The focus group consisted of two sessions, one to gain ideas and one to discuss ideas and their sequencing.
Key findings
ENCOURAGE PARTICIPATION:
Frequent use of talk partners/group work discussion: less ‘hands up’
Fair Sticks – talk to teaching assistant first or say in Mandarin to encourage speaking
Use both English and Chinese to share stories, use both languages to begin to build language
Ask question before activities – play/snack/outdoors, children answer in a full sentence, I like___ because_. LA and Chinese Enrichment teacher to respond in both English and Chinese.
ENCOURAGE REPETITION:
Language focussed books with repetition (Mouse and Me). Use these and encourage children to repeat the language back and in context, develop to acting out the stories
Taught sentences/instructions – have TPR: eg, I go to, I go with, I go by…also key vocab – tall (arm up), short (arm down), heavy (flat palm down as scales) whilst light is flat palm up and high. Sentence structures in units built upon to use connectives such as ‘and’. Model sentence structures in other contexts. To develop from present tense, to past, then future
Re-inforce sentences, repeating back full sentences when children answer with one word
Characters feelings/self regulation pictures – keep emphasising, helps feelings with readers and whole class books
BRIDGING ENGLISH/MANDARIN:
Prompting children to speak in English – if using a level I (English speaker) can understand you can talk in English.
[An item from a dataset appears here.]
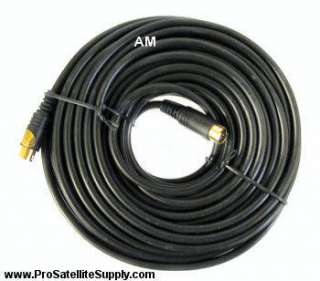 Gold S VIDEO (S VHS / SVHS) Cables 100 FT SUPER VIDEO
Begin to scaffold into English – usually missing English for colour or object
When children ask in Chinese respond in English
Ask – Do you mean… try out the English
Translate discussions – LA and children
VOCABULARY:
Plan stories ahead – front loading for parents/class vocab
Classroom objects – create own dictionary of classroom resources – Use this key vocab in adult-student interactions
Visual timetable
Identify key daily phrases – reinforce during repeated routines
Teach language through experiential learning (taste/smell/touch)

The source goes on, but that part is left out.